Activity: Could you report every line of the listing below that holds the word "Poster"?

Exercise material:
━━━━━━━━━━

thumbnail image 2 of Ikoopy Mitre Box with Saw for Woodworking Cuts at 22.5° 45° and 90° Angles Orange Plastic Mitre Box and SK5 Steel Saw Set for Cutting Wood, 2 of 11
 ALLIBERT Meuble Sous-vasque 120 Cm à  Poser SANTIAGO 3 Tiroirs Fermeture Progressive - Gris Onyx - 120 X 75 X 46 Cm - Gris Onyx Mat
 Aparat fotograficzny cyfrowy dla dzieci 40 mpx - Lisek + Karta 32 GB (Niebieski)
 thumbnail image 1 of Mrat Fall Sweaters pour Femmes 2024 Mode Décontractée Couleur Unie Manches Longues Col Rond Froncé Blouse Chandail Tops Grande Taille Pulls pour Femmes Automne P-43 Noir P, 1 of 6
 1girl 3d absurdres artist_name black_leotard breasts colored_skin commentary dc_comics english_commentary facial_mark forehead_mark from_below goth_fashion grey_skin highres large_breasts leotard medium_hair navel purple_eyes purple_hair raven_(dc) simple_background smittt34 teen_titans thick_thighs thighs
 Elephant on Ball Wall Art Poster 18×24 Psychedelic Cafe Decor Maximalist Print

━━━━━━━━━━

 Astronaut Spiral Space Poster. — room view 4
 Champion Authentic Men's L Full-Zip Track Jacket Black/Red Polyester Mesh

━━━━━━━━━━

Exercise result:
 Elephant on Ball Wall Art Poster 18×24 Psychedelic Cafe Decor Maximalist Print
 Astronaut Spiral Space Poster. — room view 4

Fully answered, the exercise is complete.